The Other Typist by Suzanne Rindell (Penguin, £7.99)
The Other Typist by Suzanne Rindell (Penguin, £7.99)
Rindell is a student of modernism, so she understands about the unreliable narrator and uses it fully, if perhaps not so subtly, in this nevertheless engaging Jazz Era tale of repressed spinster and typist Rose Baker, who is fatefully charmed by the new addition to the police precinct where she works, the sexually exotic Odalie.
My Foreign Cities: A Memoir by Elizabeth Scarboro (Liveright, £11.99)
This is a hugely compelling memoir of Scarboro's marriage to Stephen, the boy she fell in love with as a teenager, and who had cystic fibrosis. Its compelling quality lies in the mix of personal anguish about their lack of a future together, and the frankness with which she details the highs and lows of their relationship.
The Dazzle by Robert Hudson (Vintage, £8.99)
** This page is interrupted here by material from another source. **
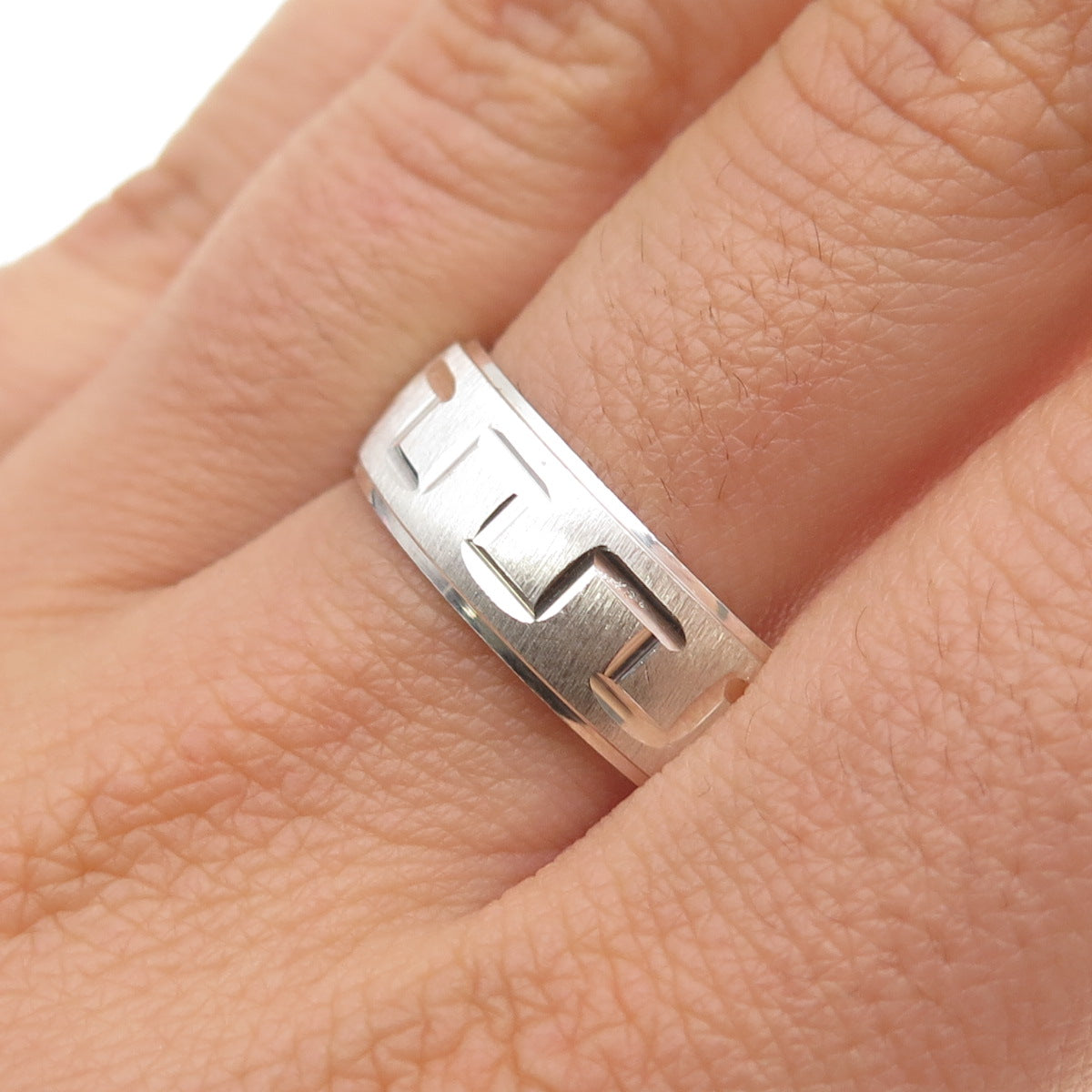 925 Sterling Silver Vintage Zig Zag Puzzle Brushed Band Ring Size 10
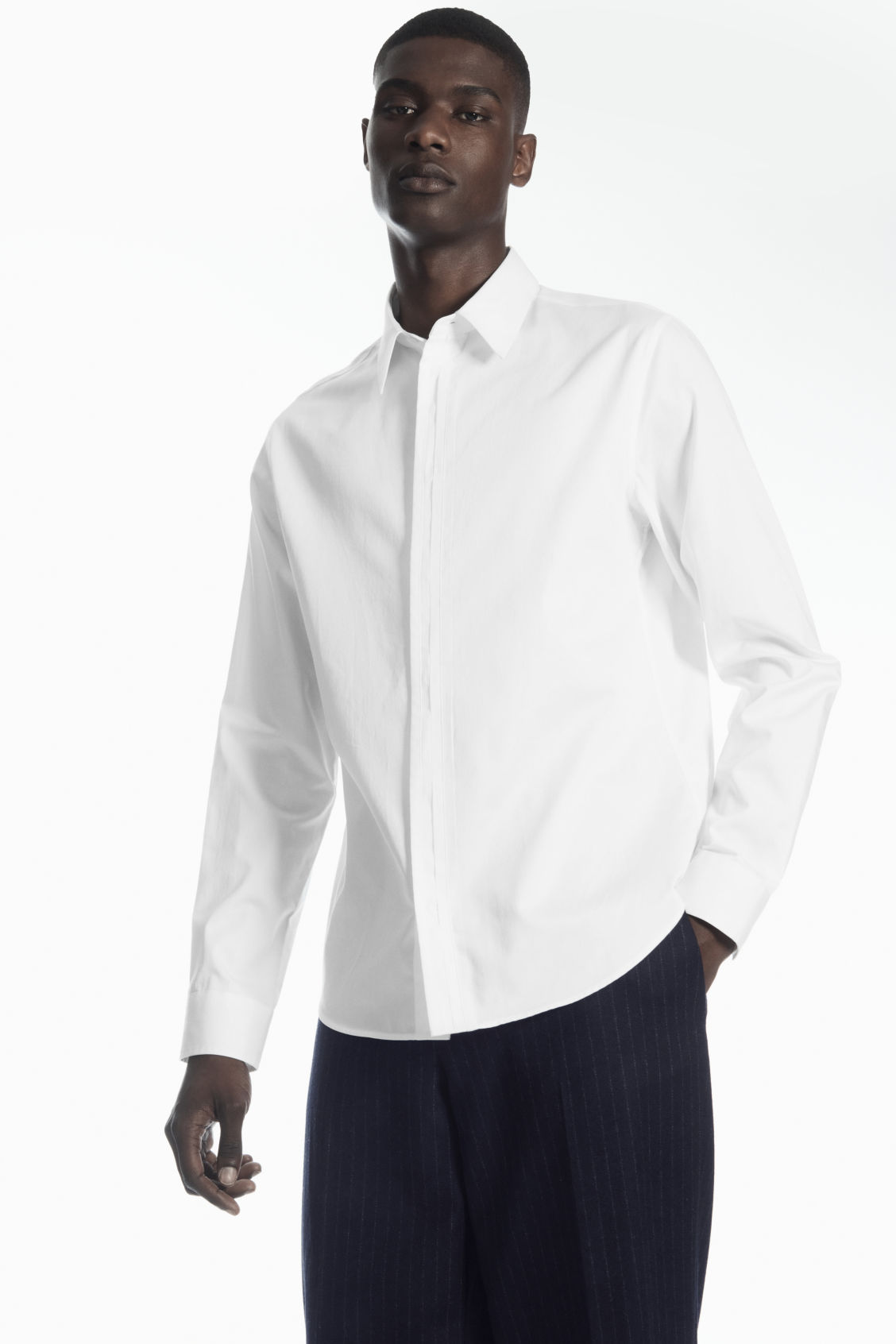 PLEATED-PLACKET DRESS SHIRT - REGULAR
Publicity for The Dazzle would suggest a light read, frothy and fizzing, but it is much more challenging, as Hudson cleverly and relentlessly weaves his way between the different voices of a hedonistic "set", gathered on the Scarborough coast for the 1934 giant tuna hunt. Real-life figures like Martha Gellhorn add to the fact-fiction mixture.
The Essential Robert Burns by Ann Matheson (Stenlake Publishing, £13.95)
Some may bridle at the very notion of English "translations" of Burns set alongside their original counterparts, but Matheson's labour of love, accompanied by new illustrations as well as contemporaneous ones, slivers of original manuscript and her own interpretations of the poems, will only open up the Bard to more readers, not scare them away. No bad thing.